[Task requirements] The response must contain every line from the records below that has "Ornament".

(Recorded data)
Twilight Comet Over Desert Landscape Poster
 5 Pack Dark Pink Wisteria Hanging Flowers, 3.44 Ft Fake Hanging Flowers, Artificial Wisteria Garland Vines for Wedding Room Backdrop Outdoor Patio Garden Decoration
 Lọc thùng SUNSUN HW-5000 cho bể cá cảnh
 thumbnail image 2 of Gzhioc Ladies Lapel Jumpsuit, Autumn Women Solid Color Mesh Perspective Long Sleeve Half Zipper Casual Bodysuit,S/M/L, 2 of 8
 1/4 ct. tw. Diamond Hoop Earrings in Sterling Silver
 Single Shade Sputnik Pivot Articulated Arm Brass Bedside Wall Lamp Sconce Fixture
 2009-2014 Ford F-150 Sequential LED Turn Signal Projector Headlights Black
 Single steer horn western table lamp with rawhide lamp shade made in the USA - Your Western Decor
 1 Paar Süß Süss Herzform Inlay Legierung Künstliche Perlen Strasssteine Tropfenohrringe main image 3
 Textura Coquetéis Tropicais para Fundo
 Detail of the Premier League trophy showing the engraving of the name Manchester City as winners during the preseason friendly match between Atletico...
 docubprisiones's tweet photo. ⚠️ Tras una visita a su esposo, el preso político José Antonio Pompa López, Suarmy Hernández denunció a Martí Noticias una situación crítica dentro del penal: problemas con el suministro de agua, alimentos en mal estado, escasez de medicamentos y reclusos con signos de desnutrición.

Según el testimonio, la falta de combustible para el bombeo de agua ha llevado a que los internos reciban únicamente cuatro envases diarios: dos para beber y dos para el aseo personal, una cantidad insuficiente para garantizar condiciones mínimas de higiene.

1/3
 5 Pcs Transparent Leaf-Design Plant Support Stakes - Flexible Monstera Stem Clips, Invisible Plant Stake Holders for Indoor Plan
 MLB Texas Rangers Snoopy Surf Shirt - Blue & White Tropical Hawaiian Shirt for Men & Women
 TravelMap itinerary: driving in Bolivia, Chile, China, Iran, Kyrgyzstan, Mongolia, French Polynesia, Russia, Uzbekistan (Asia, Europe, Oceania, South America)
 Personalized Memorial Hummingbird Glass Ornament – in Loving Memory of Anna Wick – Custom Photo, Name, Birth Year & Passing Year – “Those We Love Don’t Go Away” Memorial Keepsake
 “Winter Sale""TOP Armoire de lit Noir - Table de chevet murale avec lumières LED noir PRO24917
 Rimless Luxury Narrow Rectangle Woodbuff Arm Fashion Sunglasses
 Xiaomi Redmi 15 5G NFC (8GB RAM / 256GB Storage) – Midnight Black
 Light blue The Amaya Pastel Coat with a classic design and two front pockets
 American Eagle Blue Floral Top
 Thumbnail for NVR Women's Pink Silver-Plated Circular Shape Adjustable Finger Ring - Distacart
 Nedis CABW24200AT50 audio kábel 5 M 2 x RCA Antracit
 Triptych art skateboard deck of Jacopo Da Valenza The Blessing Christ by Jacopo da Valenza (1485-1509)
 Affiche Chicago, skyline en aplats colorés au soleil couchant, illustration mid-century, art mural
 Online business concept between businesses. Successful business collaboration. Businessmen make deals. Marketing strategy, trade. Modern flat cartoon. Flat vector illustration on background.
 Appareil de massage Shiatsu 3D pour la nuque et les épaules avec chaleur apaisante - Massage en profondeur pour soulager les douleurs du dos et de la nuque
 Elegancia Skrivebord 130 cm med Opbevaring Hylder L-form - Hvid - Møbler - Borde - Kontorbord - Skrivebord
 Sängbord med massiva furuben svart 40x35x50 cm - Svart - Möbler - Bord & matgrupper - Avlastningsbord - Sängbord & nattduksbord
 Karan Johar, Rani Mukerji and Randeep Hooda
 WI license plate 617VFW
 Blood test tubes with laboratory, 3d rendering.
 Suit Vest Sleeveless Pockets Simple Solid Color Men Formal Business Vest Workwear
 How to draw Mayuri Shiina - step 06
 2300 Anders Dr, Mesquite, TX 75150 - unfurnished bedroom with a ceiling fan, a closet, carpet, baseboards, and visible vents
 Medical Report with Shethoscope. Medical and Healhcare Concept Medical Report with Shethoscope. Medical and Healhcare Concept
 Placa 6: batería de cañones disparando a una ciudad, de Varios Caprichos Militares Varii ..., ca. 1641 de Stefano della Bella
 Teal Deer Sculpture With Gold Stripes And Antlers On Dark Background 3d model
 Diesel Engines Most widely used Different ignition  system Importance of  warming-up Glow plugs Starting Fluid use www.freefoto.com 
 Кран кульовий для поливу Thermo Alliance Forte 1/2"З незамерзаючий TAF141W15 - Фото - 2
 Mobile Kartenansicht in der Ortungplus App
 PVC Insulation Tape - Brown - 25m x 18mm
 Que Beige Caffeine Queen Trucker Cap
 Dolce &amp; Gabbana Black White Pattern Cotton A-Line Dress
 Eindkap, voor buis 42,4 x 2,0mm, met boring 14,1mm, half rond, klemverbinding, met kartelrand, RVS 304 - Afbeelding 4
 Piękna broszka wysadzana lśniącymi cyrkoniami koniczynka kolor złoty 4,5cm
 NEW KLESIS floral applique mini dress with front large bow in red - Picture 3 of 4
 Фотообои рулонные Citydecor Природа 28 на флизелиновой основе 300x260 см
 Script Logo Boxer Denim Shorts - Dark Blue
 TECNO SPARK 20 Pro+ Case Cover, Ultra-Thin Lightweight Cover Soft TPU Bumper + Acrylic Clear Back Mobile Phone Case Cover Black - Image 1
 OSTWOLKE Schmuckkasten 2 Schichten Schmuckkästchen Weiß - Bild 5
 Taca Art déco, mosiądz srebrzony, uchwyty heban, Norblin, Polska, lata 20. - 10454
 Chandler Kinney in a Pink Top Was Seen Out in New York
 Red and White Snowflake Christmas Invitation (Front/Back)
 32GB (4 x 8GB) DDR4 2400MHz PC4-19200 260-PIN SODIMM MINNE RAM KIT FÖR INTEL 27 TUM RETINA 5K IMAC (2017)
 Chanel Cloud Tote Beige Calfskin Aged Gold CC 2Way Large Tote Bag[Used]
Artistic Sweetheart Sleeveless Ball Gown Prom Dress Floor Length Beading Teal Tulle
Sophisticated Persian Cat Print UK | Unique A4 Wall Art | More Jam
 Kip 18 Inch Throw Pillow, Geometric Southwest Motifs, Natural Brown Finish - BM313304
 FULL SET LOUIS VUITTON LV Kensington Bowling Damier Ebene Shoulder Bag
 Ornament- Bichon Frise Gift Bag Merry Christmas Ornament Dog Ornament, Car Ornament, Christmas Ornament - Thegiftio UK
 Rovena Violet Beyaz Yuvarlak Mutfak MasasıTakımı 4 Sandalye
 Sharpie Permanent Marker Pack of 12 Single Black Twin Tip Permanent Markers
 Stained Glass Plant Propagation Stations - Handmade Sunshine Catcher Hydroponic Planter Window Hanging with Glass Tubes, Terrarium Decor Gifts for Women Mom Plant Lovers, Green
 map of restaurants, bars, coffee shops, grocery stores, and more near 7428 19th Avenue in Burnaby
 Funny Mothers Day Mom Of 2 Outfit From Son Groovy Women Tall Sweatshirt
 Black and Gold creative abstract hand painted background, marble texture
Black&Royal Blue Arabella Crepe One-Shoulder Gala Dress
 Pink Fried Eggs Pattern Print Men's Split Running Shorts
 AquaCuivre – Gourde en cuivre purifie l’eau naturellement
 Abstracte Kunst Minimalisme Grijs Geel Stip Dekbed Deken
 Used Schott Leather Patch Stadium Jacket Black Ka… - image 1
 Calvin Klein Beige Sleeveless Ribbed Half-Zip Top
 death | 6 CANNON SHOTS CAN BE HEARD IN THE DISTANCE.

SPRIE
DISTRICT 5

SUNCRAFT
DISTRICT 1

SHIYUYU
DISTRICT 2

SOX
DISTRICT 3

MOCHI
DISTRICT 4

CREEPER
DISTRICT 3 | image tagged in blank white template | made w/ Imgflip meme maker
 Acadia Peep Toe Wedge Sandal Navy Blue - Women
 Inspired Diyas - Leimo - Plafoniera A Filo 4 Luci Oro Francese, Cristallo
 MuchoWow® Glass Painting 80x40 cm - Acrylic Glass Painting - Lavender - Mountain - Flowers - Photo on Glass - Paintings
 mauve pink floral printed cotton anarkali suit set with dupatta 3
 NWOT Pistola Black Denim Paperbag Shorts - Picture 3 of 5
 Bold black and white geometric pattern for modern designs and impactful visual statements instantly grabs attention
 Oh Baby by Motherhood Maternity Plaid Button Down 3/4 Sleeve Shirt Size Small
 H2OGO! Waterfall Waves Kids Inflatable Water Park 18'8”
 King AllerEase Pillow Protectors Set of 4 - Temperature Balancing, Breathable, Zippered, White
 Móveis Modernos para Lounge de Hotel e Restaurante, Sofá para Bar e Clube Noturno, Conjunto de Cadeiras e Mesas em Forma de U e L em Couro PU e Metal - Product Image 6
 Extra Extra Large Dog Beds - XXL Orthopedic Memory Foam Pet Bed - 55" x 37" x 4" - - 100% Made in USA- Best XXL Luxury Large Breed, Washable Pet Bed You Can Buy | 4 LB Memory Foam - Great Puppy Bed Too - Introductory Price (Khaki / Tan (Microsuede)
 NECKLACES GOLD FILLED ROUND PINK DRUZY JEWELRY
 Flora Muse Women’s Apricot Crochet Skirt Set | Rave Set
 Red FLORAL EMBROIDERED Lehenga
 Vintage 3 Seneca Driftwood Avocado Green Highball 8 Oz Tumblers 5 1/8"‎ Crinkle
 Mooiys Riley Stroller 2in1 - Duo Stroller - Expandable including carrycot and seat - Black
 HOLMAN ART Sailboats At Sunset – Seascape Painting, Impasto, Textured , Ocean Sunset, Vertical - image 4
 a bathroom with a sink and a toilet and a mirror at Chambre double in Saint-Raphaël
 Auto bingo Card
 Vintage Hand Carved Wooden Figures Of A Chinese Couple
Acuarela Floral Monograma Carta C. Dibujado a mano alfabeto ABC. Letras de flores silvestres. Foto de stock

[Answer space]
 Personalized Memorial Hummingbird Glass Ornament – in Loving Memory of Anna Wick – Custom Photo, Name, Birth Year & Passing Year – “Those We Love Don’t Go Away” Memorial Keepsake
 Ornament- Bichon Frise Gift Bag Merry Christmas Ornament Dog Ornament, Car Ornament, Christmas Ornament - Thegiftio UK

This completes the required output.